“Alle Olimpiadi dobbiamo andarci con le migliori”.
L’esternazione di Francesca Piccinini, ai microfoni di Sky, in fase di commento tecnico dell’incontro fra Italia e Thailandia, è, ovviamente, condivisibile.
Le parole di colei che è stata per oltre vent’anni icona e madrina indiscussa del volley rosa, suscitano però, in un semplice tifoso come me, una riflessione che diventa un quesito: cosa significa essere le migliori, in uno sport di squadra?
Se da un lato essere i migliori potrebbe sembrare un concetto estremamente concreto, razionale, basato su ponderati numeri e statistiche incontrovertibili, dall’altro dovrebbe considerare alcuni aspetti, più astratti, intangibili e al tempo stesso imprescindibili, soprattutto nella pallavolo.

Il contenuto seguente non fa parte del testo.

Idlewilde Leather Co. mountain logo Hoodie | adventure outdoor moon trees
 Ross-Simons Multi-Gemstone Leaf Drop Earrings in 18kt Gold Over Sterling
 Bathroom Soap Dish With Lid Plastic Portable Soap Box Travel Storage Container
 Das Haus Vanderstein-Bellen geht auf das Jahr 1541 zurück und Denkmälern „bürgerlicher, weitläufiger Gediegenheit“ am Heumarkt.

Essere le migliori in uno sport di squadra sottende umiltà, altruismo, dedizione al gruppo, alla squadra; significa avere la capacità di unire lo spogliatoio, di rispettare tutti, di non credersi indispensabili.
Le migliori non hanno bisogno di ostentarlo, di farselo ripetere. Le migliori, almeno quelle che ho avuto l’onore di conoscere , lavorano molto, in silenzio, con dedizione ed umiltà.
E nel gruppo che si sta giocando la qualificazione olimpica a Lodz di “migliori”, esempi virtuosi per l’intero movimento, ce ne sono. Molte. Per cortesia, non dimentichiamolo.